> SUPPLIED RECORDS:
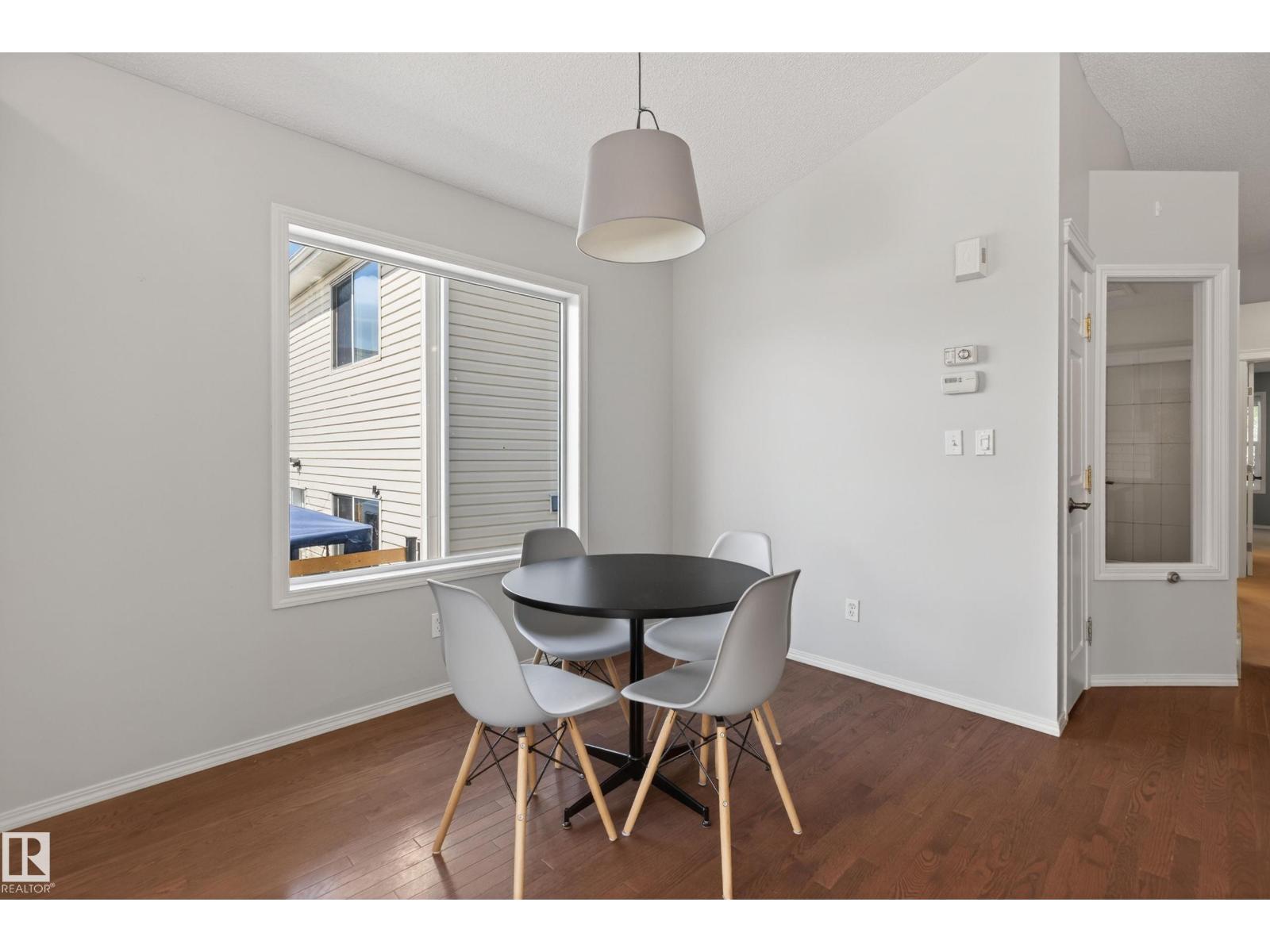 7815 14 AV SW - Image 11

* * *

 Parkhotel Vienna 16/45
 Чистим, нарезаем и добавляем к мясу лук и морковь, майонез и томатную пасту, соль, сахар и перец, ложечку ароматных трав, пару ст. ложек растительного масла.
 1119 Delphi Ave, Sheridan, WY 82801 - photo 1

...

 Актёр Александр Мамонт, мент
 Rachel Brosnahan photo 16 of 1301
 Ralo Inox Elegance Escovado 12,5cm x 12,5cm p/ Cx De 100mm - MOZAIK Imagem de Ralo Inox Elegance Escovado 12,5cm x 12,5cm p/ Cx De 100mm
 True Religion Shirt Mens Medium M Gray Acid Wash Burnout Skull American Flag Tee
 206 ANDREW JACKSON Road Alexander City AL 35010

> AIM OF THE EXERCISE: Your reply is to repeat, unchanged, the lines above running from the one with "Чистим, нарезаем и" up to and including the one with "1119 Delphi Ave, Sheridan, WY".

> COMPLETED EXERCISE:
 Чистим, нарезаем и добавляем к мясу лук и морковь, майонез и томатную пасту, соль, сахар и перец, ложечку ароматных трав, пару ст. ложек растительного масла.
 1119 Delphi Ave, Sheridan, WY 82801 - photo 1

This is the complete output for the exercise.